Here's a list of the amazing things Invenergy accomplished since last year:
- a rebranding of the Project and a new Project website;
- outreach to numerous state and local officials and other stakeholders to introduce Invenergy as the new Project owner and to provide a status update;
- issuing easement payments to landowners with active easements along the Project route;
- establishing field offices to support development efforts;
- building out the Invenergy Project team, including adding in-house development and project management personnel dedicated to the Project; and
- implementing a contractor selection process for Project development services to commence in 2020, including engineering, environmental permitting, and land services.

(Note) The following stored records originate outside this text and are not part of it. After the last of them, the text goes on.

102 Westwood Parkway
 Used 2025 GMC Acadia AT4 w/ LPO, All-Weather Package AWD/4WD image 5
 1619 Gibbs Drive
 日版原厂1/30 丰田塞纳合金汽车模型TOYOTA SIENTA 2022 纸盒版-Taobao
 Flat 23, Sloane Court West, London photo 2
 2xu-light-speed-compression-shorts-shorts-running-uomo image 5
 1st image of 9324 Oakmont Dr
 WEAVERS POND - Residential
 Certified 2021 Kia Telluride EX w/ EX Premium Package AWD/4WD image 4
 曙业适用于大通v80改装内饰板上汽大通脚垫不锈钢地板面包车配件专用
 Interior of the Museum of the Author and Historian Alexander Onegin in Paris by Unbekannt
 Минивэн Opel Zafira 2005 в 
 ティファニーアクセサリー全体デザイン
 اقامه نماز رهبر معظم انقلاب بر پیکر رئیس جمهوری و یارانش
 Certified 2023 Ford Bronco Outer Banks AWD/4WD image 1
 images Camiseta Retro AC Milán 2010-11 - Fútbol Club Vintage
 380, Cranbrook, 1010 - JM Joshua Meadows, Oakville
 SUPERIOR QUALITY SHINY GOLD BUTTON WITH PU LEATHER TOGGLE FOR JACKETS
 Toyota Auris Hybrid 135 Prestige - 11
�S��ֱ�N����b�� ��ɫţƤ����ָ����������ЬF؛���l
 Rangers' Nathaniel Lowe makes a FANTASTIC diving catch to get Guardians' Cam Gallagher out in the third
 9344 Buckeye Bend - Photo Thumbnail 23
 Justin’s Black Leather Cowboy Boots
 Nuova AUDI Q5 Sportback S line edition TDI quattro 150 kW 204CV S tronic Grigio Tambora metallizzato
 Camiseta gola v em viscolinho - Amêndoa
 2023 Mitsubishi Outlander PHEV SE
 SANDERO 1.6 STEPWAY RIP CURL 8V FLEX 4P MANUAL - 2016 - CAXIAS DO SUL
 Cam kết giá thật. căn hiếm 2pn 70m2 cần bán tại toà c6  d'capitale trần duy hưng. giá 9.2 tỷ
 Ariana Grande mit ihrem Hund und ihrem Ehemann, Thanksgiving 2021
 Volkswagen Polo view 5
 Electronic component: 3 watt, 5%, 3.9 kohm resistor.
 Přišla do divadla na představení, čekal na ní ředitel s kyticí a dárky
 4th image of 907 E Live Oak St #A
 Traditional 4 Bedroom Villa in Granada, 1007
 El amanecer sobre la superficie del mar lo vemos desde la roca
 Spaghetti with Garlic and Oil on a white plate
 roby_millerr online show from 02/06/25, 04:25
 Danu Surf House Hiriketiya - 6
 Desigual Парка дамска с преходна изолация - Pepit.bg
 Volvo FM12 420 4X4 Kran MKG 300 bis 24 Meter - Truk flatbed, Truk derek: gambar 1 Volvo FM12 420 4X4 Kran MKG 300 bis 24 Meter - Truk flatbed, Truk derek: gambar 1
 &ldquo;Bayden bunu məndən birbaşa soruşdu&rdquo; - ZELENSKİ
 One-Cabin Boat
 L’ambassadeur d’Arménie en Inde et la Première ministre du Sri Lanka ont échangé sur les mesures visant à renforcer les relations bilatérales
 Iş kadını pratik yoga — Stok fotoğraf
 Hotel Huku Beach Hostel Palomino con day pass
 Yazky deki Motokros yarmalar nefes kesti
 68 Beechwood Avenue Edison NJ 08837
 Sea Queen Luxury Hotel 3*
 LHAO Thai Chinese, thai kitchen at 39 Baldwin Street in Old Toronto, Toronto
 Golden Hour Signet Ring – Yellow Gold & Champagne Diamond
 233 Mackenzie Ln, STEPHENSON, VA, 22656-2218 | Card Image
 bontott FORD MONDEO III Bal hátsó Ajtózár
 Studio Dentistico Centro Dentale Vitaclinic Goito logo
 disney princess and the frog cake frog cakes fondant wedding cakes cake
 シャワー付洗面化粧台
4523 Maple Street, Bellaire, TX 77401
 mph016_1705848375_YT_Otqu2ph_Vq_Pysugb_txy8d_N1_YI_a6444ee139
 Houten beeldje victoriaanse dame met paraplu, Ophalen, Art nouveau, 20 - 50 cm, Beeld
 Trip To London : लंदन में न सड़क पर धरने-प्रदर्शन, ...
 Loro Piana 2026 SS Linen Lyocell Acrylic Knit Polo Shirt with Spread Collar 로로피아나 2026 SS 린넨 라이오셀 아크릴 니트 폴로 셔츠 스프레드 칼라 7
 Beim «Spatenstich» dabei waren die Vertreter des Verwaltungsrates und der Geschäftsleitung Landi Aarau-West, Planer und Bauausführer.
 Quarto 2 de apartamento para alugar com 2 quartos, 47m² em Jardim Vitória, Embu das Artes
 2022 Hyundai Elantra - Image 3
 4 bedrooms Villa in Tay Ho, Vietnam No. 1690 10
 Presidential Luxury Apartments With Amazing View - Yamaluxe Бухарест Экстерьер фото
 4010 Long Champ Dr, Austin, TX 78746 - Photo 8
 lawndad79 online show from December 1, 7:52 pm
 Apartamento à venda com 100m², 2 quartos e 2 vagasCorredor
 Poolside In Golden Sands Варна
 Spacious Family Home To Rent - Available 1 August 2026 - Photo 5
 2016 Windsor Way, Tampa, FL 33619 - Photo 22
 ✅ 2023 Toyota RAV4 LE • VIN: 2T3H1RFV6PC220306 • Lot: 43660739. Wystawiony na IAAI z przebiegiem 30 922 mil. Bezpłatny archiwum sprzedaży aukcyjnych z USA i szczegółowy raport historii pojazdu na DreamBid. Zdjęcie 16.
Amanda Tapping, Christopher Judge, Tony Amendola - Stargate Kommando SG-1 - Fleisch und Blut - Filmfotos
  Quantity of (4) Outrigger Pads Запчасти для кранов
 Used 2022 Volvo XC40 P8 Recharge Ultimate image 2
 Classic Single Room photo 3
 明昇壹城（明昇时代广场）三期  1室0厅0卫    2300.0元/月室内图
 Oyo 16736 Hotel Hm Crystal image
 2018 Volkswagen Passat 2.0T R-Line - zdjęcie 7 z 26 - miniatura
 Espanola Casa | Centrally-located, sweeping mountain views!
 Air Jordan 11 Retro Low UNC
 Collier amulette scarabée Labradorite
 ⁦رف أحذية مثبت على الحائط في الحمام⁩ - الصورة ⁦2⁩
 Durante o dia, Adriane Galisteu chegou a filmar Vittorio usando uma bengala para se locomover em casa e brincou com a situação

"Rebranding"... as if any of the landowners or local governments give 2 cow patties who owns this unneeded project. This marketing play is completely worthless when applied to a transmission project in rural America. Keep that crap in Chicago, where it matters.
Invenergy did not provide any real information or answer any questions during its "rebranding" tour. The only thing its "outreach" did was tick people off all over again.
Issuing payments to the few landowners who were gullible enough to sign easement agreements with Clean Line Energy Partners is REQUIRED by the agreements. Quit trying to pretend like its some sort of voluntary, magnanimous act.
Establishing field offices. Now opposition groups have a physical target for future protests. Thanks a bunch, Invenergy! Maybe someone will stop by with a basket of banana muffins? Wow! Deja Vu!
And hiring people. Like anyone cares.
What's missing from the State Regulatory Approvals and Appeals section?
Let's see... Kansas, check. Missouri, check. Indiana, check. Hey, wait a minute, how do you get to Indiana from Missouri? You don't. Illinois is in between. What's Invenergy doing in Illinois? Doesn't say. We'll interpret that as NOTHING, Invenergy is doing NOTHING in Illinois. Ya know, you just can't get power from Kansas to Indiana without Illinois, Invenergy. What's your intention? It is relevant to your "status." Do tell...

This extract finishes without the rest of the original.